China has successfully managed the relationship between heritage and innovation properly, emphasizing the transformation and development of traditional beautiful culture in a creative way.

Mr. Mukusha said Africa should follow the philosophy and culture of Ubuntu/Hunhu which emphasizes the ideals of communism, patriotism, respect, trust and hard work. He said such values, if maintained, would see Zimbabwe develop its societies.

“Culture is a socially transmitted behavior, patterns, norms, beliefs and values ​​of a given community. It is a set of shared and enduring meanings, values ​​and beliefs that characterize national, ethnic and other groups and guide their behavior. Culture is dynamic, interactive and synergistic, and it intertwines with all elements of a society, especially economic development.

“It is measured by indicators of individual values ​​and beliefs, such as trust and respect for others, and confidence in individual self-determination,” he added.

Former Ambassador to China and Zanu-PF Spokesman Ambassador Christopher Mutsvangwa said that while DNA is the foundation of institutional memory in living organisms, culture is its equivalent in the institutional memory of the society.

Culture, he says, is art and other manifestations of human intellectual achievement considered collectively. It manifests itself through the ideas, customs and social behavior of society. It is the embodiment of shared values ​​that define the identity of a social group.

“China with the largest population on earth has developed its culture over 5,000 years. His ability to defend himself ensured that, as a whole, his society could fend off, resist, or absorb repeated ructions from other outside societies. It is this aspect that has given Chinese culture a prominent place in its society and the admiration of other societies,” said Ambassador Mutsvangwa.

Last year, President Mnangagwa spoke about using culture as a vehicle for development when he launched the Bulawayo Arts Festival and visited various historical and cultural sites in the city in what the historian and cultural activist Pathisa Nyathi has rightly described it as a reduction in the importance of politics.

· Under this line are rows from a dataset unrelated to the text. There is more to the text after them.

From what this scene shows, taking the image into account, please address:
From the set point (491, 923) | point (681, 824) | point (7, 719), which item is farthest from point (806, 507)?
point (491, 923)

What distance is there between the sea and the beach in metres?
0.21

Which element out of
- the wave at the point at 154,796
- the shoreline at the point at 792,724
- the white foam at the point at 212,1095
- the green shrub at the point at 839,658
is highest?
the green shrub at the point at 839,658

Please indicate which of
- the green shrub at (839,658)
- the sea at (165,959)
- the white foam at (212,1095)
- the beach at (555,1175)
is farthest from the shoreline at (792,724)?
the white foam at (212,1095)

The visit gave practical meaning to the National Development Strategy 1 (NDS1) which emphasizes that culture has the power to transform entire societies, strengthen local communities, foster strong family values ​​and forge a sense of identity and belonging for people of all ages. Culture plays a vital role in promoting sustainable social and economic development for future generations.

The NDS1 makes this clear when it says: “As a collective phenomenon, national identity can result directly from the presence of elements of ‘commonality’ in people’s daily lives. These include national symbols, music, language, nation’s history, national consciousness and cultural artifacts.

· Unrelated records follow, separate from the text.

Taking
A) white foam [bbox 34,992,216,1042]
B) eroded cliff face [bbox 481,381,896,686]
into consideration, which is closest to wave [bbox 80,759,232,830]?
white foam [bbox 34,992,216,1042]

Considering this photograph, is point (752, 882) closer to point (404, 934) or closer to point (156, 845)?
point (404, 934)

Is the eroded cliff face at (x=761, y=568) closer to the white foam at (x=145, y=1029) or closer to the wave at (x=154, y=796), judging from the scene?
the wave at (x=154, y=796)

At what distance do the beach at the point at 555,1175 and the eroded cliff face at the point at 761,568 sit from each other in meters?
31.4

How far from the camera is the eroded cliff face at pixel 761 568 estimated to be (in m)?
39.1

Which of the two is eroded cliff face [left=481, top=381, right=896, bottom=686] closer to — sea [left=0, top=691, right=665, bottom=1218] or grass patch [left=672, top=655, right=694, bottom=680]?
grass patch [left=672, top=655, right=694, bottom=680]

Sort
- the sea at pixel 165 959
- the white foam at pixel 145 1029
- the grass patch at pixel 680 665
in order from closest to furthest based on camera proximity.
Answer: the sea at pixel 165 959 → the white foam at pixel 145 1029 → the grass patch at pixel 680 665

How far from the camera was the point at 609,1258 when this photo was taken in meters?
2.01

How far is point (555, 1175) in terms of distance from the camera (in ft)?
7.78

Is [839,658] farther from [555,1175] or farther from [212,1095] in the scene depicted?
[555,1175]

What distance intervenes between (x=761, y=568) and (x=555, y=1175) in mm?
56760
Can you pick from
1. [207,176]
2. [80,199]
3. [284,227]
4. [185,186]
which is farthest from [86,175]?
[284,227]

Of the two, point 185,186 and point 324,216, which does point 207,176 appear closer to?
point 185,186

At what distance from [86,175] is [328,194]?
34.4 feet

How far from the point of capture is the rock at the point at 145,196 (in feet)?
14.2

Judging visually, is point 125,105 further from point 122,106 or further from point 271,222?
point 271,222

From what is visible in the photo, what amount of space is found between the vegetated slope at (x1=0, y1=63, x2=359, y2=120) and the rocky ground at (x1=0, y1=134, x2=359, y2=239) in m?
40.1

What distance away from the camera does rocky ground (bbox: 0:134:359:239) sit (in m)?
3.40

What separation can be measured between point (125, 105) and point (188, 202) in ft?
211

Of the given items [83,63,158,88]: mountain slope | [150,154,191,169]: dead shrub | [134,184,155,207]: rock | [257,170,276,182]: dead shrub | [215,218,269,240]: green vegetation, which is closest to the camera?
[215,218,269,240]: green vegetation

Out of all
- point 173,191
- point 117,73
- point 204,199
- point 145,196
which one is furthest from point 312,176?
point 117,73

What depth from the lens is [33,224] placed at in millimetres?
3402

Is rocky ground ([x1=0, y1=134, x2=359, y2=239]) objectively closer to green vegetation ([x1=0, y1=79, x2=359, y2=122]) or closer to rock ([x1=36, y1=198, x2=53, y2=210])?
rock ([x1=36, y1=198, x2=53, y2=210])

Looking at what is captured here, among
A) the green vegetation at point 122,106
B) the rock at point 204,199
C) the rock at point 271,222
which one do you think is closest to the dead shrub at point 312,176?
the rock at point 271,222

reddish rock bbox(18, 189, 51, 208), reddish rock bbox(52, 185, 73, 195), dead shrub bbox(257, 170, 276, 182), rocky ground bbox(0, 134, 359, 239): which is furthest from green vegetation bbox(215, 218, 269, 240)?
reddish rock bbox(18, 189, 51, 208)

“The expression of national identity seen in a positive light is patriotism, which is characterized by national pride and the positive emotion of love for one’s country. Cultural programs help to improve social cohesion, a sense of national identity and pride.

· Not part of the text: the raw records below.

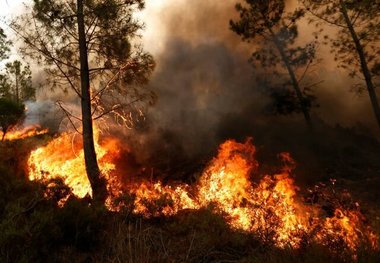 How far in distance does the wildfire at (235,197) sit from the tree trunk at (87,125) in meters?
0.45

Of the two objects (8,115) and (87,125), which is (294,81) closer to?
(87,125)

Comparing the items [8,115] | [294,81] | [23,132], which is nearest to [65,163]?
[294,81]

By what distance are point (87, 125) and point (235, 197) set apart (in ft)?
17.1

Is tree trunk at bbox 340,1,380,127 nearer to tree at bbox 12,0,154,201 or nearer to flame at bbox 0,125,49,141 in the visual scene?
tree at bbox 12,0,154,201

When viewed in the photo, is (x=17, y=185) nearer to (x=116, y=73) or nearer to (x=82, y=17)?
(x=116, y=73)

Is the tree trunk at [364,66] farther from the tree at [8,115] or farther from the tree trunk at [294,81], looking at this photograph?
the tree at [8,115]

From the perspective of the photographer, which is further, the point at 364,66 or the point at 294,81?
Answer: the point at 294,81

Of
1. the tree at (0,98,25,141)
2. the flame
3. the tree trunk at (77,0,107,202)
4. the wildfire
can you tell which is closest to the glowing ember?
the wildfire

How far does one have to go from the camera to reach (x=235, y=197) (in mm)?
11617

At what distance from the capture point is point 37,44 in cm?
1152

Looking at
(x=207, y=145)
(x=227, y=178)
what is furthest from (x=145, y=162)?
(x=227, y=178)

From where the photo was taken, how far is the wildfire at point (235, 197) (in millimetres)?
7314

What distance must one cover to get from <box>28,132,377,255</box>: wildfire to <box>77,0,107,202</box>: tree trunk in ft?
1.47

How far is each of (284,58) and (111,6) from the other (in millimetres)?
12346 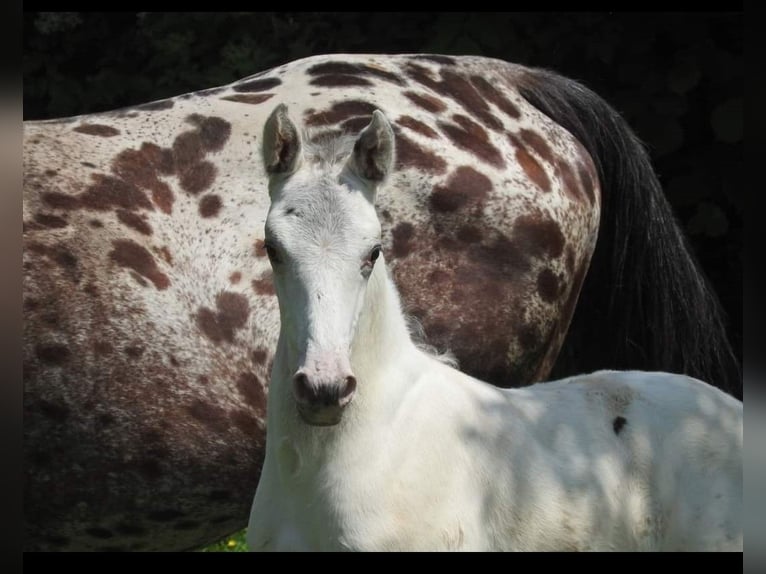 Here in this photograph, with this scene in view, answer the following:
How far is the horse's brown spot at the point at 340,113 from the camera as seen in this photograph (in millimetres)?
4094

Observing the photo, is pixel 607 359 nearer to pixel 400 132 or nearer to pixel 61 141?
pixel 400 132

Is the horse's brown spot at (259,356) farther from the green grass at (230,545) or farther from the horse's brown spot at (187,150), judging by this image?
the green grass at (230,545)

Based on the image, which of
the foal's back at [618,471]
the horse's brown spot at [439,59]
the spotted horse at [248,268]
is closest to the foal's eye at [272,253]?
the foal's back at [618,471]

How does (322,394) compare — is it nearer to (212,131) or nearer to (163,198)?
(163,198)

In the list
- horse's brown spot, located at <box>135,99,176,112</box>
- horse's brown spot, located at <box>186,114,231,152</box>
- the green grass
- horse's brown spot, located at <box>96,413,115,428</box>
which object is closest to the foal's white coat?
horse's brown spot, located at <box>96,413,115,428</box>

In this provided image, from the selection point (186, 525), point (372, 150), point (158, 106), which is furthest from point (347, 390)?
point (158, 106)

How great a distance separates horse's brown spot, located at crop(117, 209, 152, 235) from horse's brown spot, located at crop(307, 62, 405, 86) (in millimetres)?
924

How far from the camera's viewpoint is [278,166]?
9.62 ft

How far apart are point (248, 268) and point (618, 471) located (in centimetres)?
151

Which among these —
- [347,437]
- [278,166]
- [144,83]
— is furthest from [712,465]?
[144,83]

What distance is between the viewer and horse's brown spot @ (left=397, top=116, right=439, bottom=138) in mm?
4148

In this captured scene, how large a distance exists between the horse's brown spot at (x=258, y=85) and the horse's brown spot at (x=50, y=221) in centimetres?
89

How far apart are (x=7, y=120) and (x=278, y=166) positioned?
4.71 feet

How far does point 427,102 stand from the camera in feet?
14.1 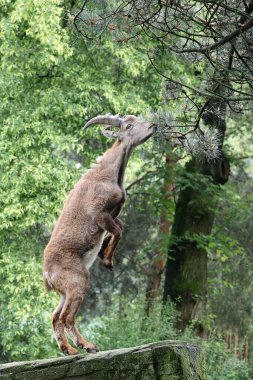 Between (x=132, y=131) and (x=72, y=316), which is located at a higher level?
(x=132, y=131)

The objective, according to the economic master plan, is to increase the level of local consumption of cultural products and services from 15% in 2020 to 40% by 2025.

Culture extends to all dimensions of social capital such as mutual trust, trust and responsible civic behavior.

UNESCO stresses that culture is a key element in the fight against poverty. The preservation of cultural values ​​is very important for development and Zimbabwe should develop and enhance trust in its institutions to validate the social contract between the government and the governed.

Trust is a measure of how people value the moral fabric of their society and lack of it breeds other evils such as dishonesty and corruption.